Friday, April 11, 2008 Free Headline Alerts

China has developed cyber warfare forces and the Air Force has created a cyberspace command to provide both defensive and offensive computer network weapons, a senior Air Force general said last week.

Asked if China was planning a cyber “Pearl Harbor” surprise attack, Maj. Gen. William Lord, the cyber forces commander, said numerous Chinese-origin probes may be “reconnaissance” intrusions to determine if cyber warfare capabilities are detected as part of preparation for some future attack.

“So when the lights go out, when the traffic lights don't work, when the data in the stock exchange has been manipulated, when the cell phones don't work, when the escalators in FAO Schwartz don't work, imagine what happens within the United States. Imagine that now laid over a command and control ability of any force,” he said at a conference of the Council on Foreign Relations.
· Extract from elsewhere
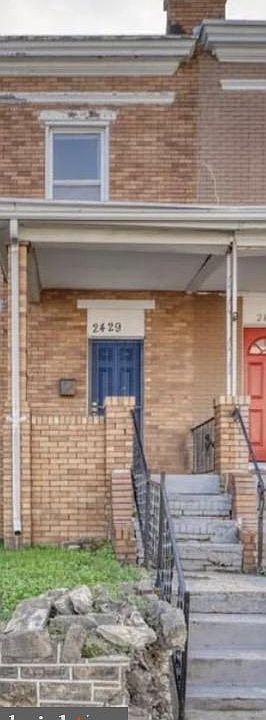 2nd image of 2429 Washington Blvd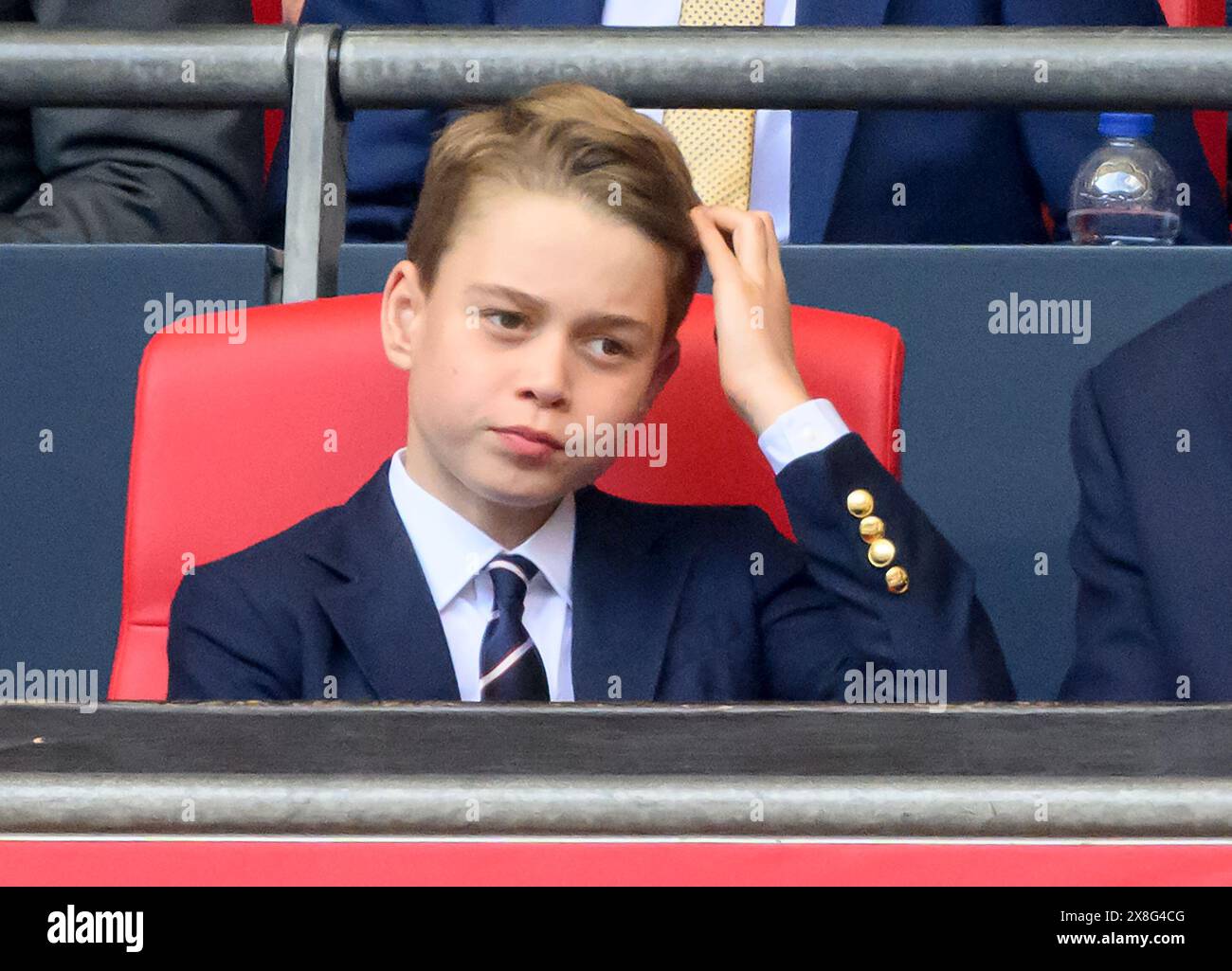 London, Großbritannien. 25. Mai 2024 - Manchester City gegen Manchester United gegen FA Cup Finale - Wembley. Prinz George beobachtet das FA Cup Finale in Wembley. Bildnachweis: Mark Pain / Alamy Live News Stockfoto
Air Force Col. Jeffrey Kendall, who appeared with Lord, said China has been among the most active players in the cyberwarfare arena. Chinese hackers took down a White House website in 2001 and in June 2007, the Chinese military was behind an attack on the secretary of defense’s unclassified email systems. And in August 2007, 28 defense contractors were targeted by Chinese hackers.
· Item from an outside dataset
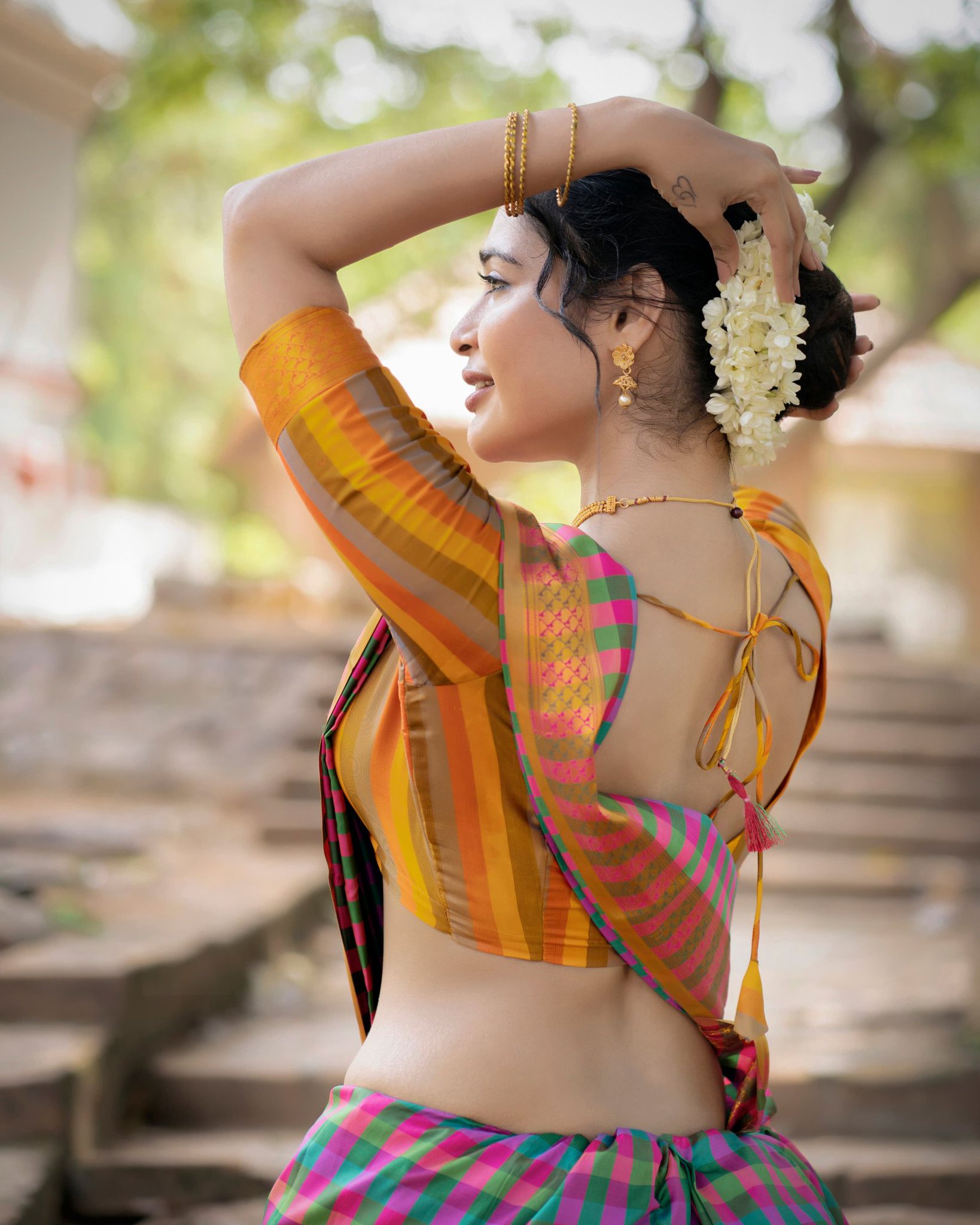 GFEtGKLb0AAv5Kf?format=jpg&name=large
Lord said cyber warfare would be a key element of asymmetric warfare, something Chinese military writings frequently discuss in contemplating a potential future conflict with the United States.
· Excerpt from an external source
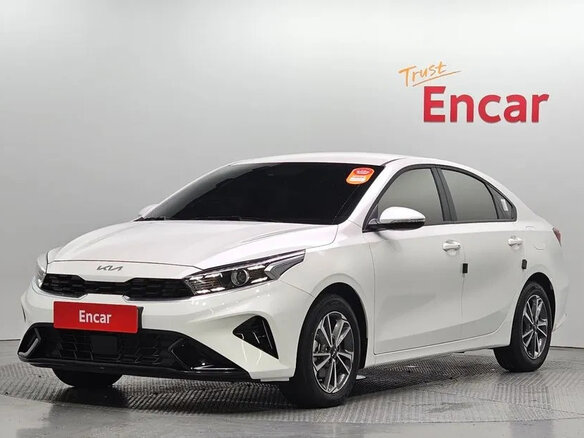 2024 Kia K3 II (China Market) Рестайлинг, белый, 1900000 рублей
“Just like we send out reconnaissance teams, perhaps those are reconnaissance activities that are going on,” he said. “At the same time, because this is, again, a nascent business, we don't know what we don't know, in theory.” Asked the reasons for Chinese attacks, Lord said he did not know. China as well as cyber-criminal activities from Russia are both problems, he said.

“We take forces that we have organized, trained and equipped, and give them to combatant commanders for employment, and that's exactly what we're doing,” Lord said.

“We are taking a page out of the history of the U.S. Army and the U.S. Navy who have already stood up equivalent kinds of forces, the Navy Netwarcom, and Landwar that the Army has are equivalent organizations, for them to do similar kinds of things.”

Lord said the major objective of the command is to defend Air Force command and control links “so that those of us who are most dependent on it can continue to fight the fight when those links perhaps are attacked.” The command would prevent the breakdown of radios and computers and other systems used to make combat decisions, he said.